[Short web captions]
====

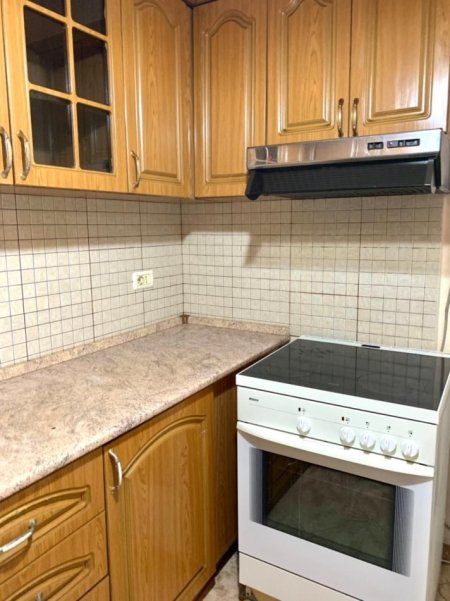 Tirane, jepet me qera shtepi 1+1 Kati 1, 70 m² 380 € (Auto Kadiu Rruga e Kavajes)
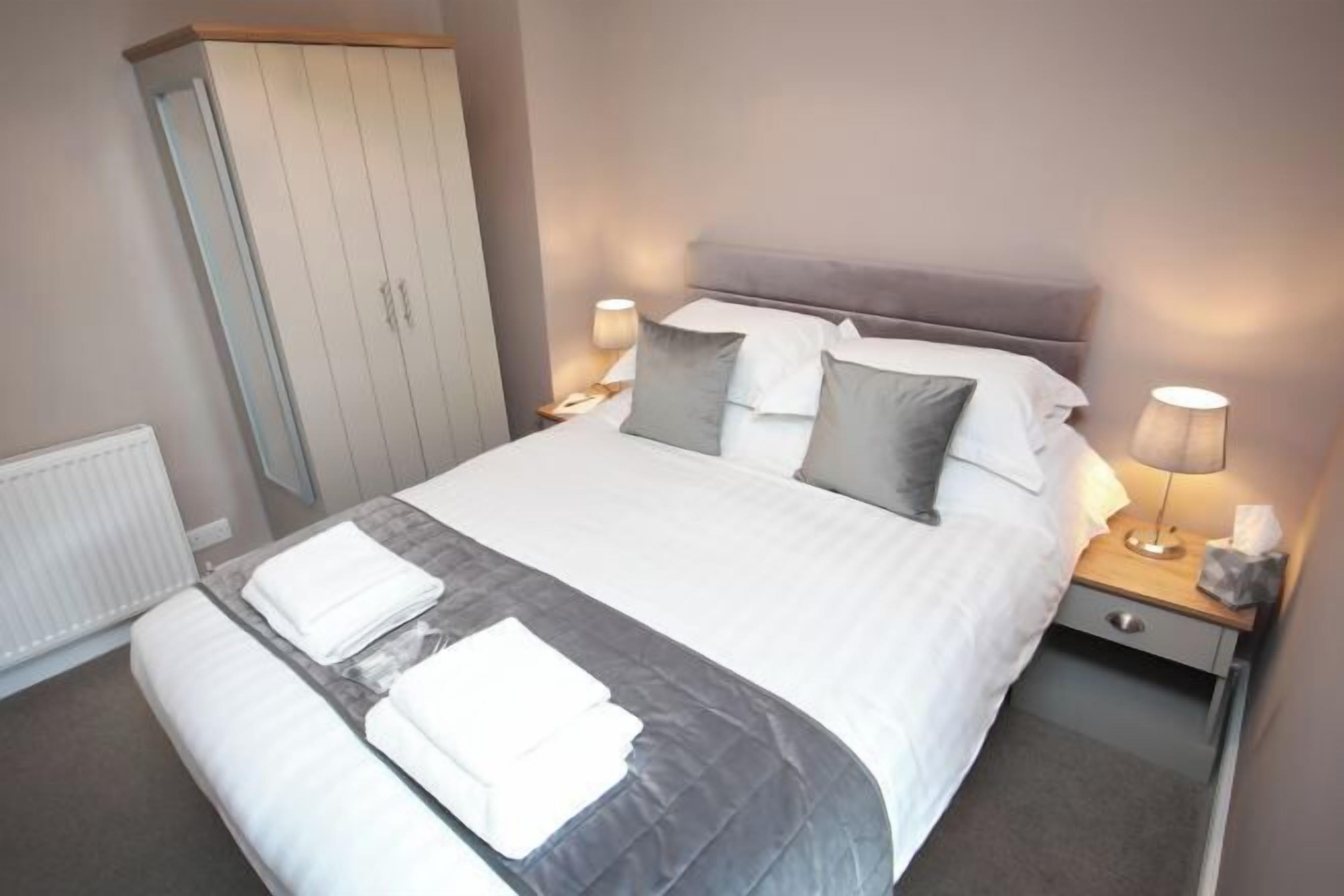 Premium bedding, desk, iron/ironing board, free WiFi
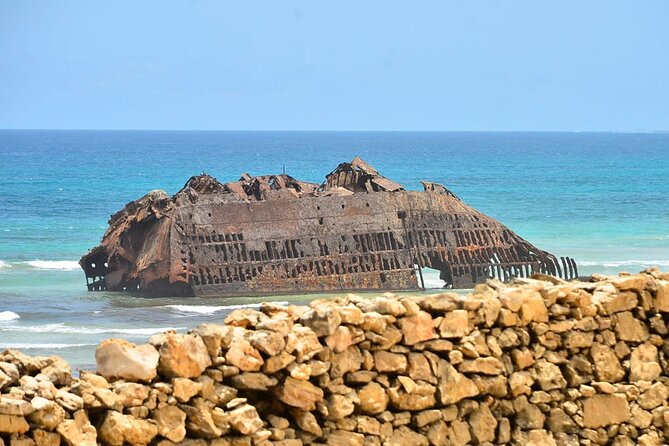 Boa Vista Tour: Santa Mónica, Desert & Shipwreck - Santa Mónica Beach: the swim-and-relax core of the tour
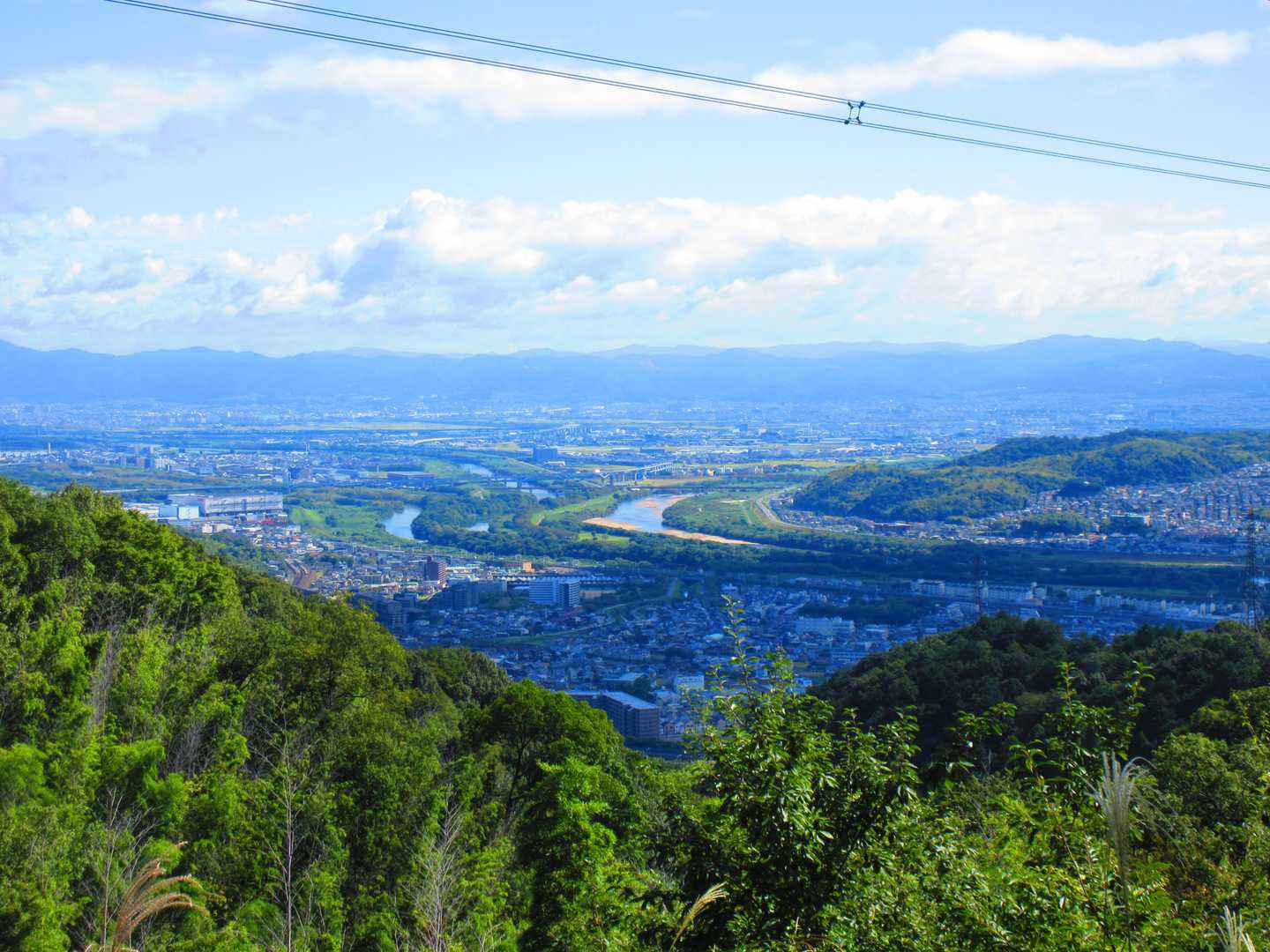 三川(桂川・宇治川・木津川)合流点
右は男山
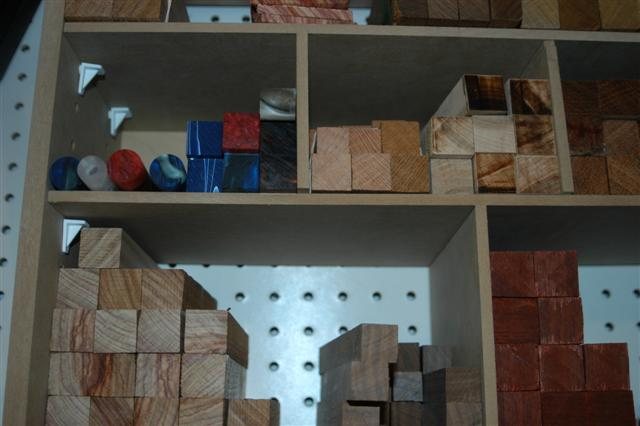 2007324151850_shelf2.jpg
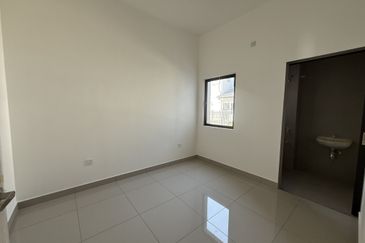 Casira 3 @ Bandar Bukit Raja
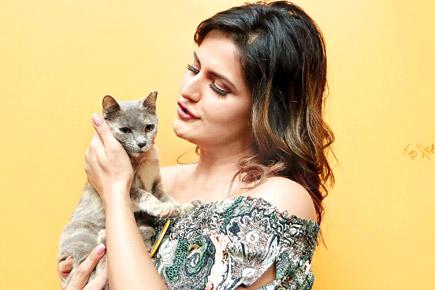 This is what Zareen Khan convinced her friend to do on Valentine's Day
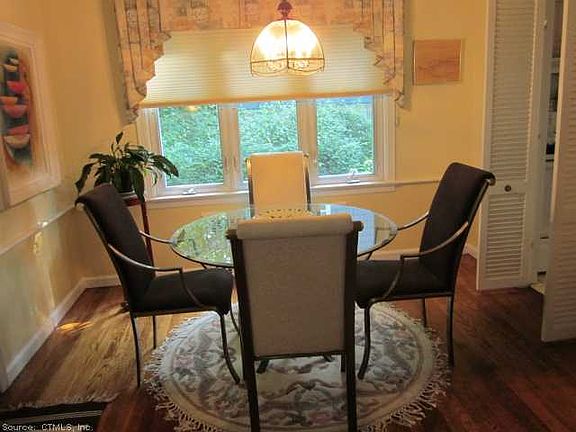 4th image of 266 Marvelwood Dr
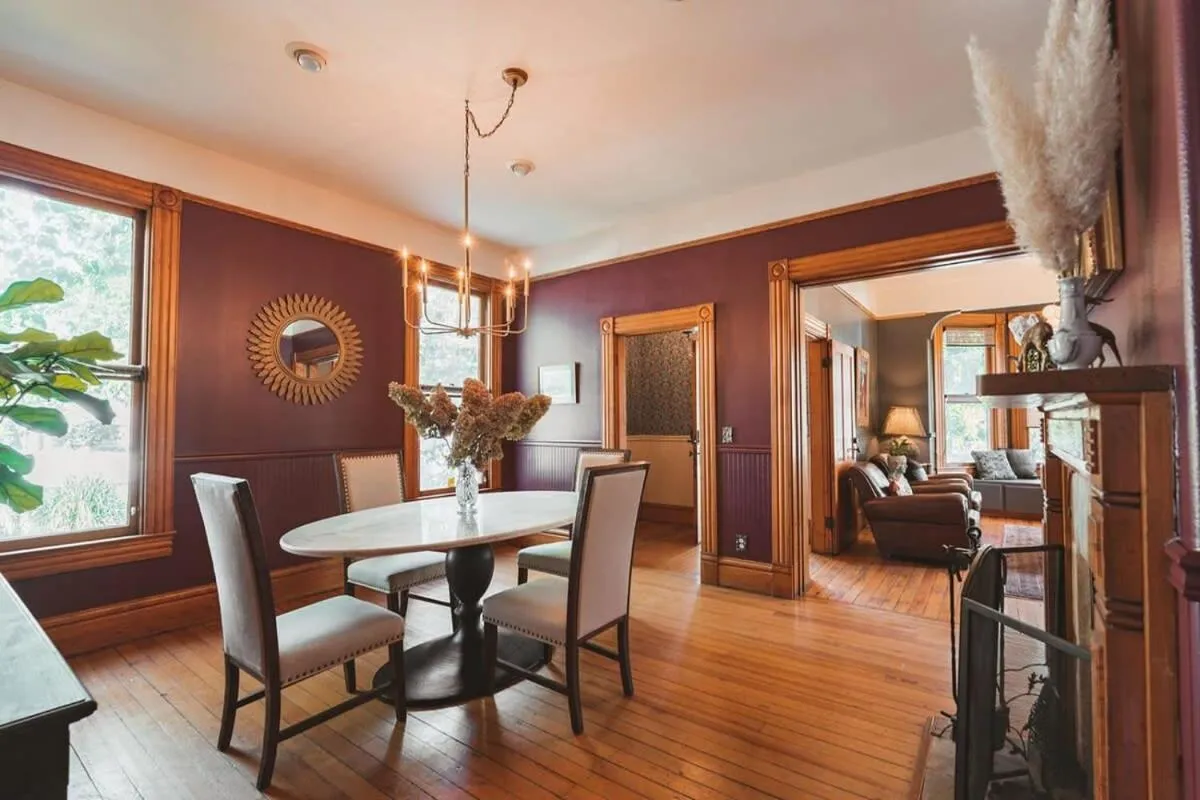 The Matriarch Heritage House- Downtown Ashland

====

--- HOW TO COMPLETE THIS TASK ---
Print every entry verbatim and leave all pictures out.

--- EXERCISE OUTPUT ---
 Tirane, jepet me qera shtepi 1+1 Kati 1, 70 m² 380 € (Auto Kadiu Rruga e Kavajes)
 Premium bedding, desk, iron/ironing board, free WiFi
 Boa Vista Tour: Santa Mónica, Desert & Shipwreck - Santa Mónica Beach: the swim-and-relax core of the tour
 三川(桂川・宇治川・木津川)合流点
右は男山
 2007324151850_shelf2.jpg
 Casira 3 @ Bandar Bukit Raja
 This is what Zareen Khan convinced her friend to do on Valentine's Day
 4th image of 266 Marvelwood Dr
 The Matriarch Heritage House- Downtown Ashland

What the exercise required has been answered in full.